Salvo poi farci scoprire, nel glossario al termine della raccolta, che l’originale in realtà non è disperso e che una nuova contraddizione ci attende al varco: poiché la trama poetica è colma non solo di risonanze, ma di un senso specifico che ci conduce ai testi sanscriti, ai loro principi e ai termini che li caratterizzano. Sono termini che fanno riferimento al principio e al trascendente, alle divinità vediche e alle realtà sensibili, al respiro e alla forza vitale.

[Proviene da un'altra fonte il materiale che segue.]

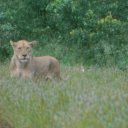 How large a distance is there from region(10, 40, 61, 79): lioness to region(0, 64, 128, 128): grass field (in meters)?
2.17

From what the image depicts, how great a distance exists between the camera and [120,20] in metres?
19.1

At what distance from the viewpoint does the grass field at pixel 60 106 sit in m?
6.83

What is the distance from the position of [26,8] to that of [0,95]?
12866 millimetres

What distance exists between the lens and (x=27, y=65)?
41.4 ft

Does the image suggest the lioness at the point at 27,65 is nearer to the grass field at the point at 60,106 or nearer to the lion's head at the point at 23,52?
the lion's head at the point at 23,52

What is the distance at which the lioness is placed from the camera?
40.9 feet

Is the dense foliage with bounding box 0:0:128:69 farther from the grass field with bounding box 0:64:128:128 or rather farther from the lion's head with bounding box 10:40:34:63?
the grass field with bounding box 0:64:128:128

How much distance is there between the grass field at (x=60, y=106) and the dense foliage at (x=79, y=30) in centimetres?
781

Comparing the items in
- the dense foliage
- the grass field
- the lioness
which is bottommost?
the dense foliage

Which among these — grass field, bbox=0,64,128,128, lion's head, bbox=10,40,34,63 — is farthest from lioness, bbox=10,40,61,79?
grass field, bbox=0,64,128,128

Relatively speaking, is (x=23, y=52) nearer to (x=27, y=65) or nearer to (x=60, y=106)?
(x=27, y=65)

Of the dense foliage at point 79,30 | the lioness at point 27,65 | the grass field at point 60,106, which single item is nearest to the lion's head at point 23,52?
the lioness at point 27,65

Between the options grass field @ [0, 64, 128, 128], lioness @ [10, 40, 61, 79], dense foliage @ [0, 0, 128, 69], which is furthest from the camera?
dense foliage @ [0, 0, 128, 69]

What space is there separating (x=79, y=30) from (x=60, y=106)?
443 inches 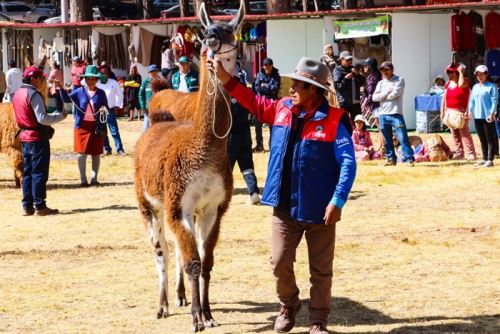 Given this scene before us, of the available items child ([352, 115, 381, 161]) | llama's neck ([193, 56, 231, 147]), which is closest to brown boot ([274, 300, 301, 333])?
llama's neck ([193, 56, 231, 147])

Così come alla sillaba sacra, alla parola creatrice.

Allora pare che Gian Paolo Guerini nella sua raccolta, insieme strutturata e colma di contraddizioni, lacerata e assetata di senso, non intenda tanto mettere in atto una ricerca sull’incompiutezza della lingua e sul valore dell’abbandono alla risonanza sonora, quanto piuttosto, diremmo, una narrazione inconscia dell’assoluto per suono e cesure. Protesa a far emergere quanto di unitario nasconda la frammentazione, quanto di profondo si celi nell’indicibile.

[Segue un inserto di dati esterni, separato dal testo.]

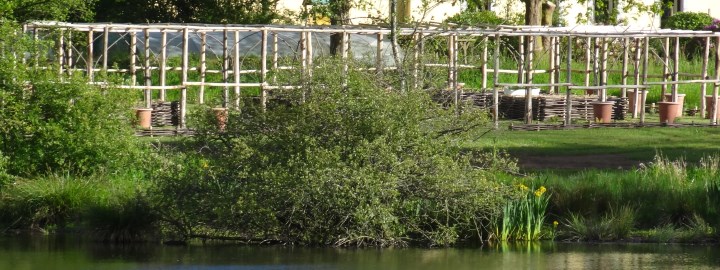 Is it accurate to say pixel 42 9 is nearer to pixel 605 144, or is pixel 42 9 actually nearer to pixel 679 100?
pixel 605 144

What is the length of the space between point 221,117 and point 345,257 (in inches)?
114

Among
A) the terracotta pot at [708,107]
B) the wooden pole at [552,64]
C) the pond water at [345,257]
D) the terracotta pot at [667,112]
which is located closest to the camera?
the pond water at [345,257]

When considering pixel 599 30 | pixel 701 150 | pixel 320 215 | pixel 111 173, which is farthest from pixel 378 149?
pixel 599 30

Del resto, cosa sarebbe la poesia se non accogliesse la contraddizione che la anima? E cosa se non contenesse in sé l’indicibile, l’inconscio, l'assente, riuscendo a parlare per frammenti, a fronte dei nostri vani tentativi di ricostruzione, e tentando di condurci, se pur umanamente votati allo scacco, verso il principio?

 

Nota dell’Autore: CHIUNQUE (voce a sinistra) e NESSUNO (voce a destra) sono i due testimoni di un originale disperso, forse mai stato. Si atteggiano a sordidi e adiafori personaggi di una commedia che tradisce le mute parole intese dall’occhio, per ridarcele in un balbettio implacabilmente e irrimediabilmente coniato e revocato. Non si può rimanere fedeli all’originale (in quanto disperso) né accontentarsi dell’ultima stesura (in quanto difficilmente decifrabile). Incurante delle attese della filologia, la commedia inarca una desinenza equivoca a sostegno di una cattedrale ormai in rovina: chiede un lettore che rinunci, fin dall’inizio, alla propria capacità di intendere. Accettante l’incompiutezza e abbandonato alla résonance de la langue e alla magia del terzo suono di Tartini.

 

1 CHIUNQUE

ciso no trat

tidina tura lezza

chen onposson o

esse reequi voca ti

si spe gneu nastel

lasi scuri sceuns ole

maun pas soè unpas so

chesi aav antiche

siaindi etro

no nhalas tessa

im portan zad

isa pere do

veanda re

mipo trai

trova requi

sene vica osene

vicaf orte

an cheinven tar

sidire mare

con troven tonel

labo naccia

 

1 NESSUNO

cis onot rattidi

natura lezza

cheno npos sono

esse re e

qui voca tisi

speg neu nastel

la si scuri sce un sol

e ma unp as soè unp

as soches ia avan

ti ches ia

indi e trono

nha las te ssai

mporta nzadi sa

pere do veanda

re mi potr ai

trov are qui se ne

vicao se ne vicafo

rte anche inven

tar si di re ma

recon troven tonel

la bonac cia
 


Gian Paolo Guerini è nato toro verso la metà del XX secolo in una piccola città equidistante da Milano, Bergamo, Brescia, Cremona, Pavia. Dopo studi disordinatissimi, non ha voluto laurearsi in teologia con una tesi su Þe Clowde of Vnknowyng. Si batte da sempre, estenuamene, per liberare l’arte dalla cultura. Non ha mai ufficialmente pubblicato, tranne sporadici quaderni autoprodotti destinati ad amici, per la maggior parte in 10 copie (ma alcuni, in un impeto di presunzione, fino a 30 copie). Qui si trova tutto: www.gianpaologuerini.it (o quasi).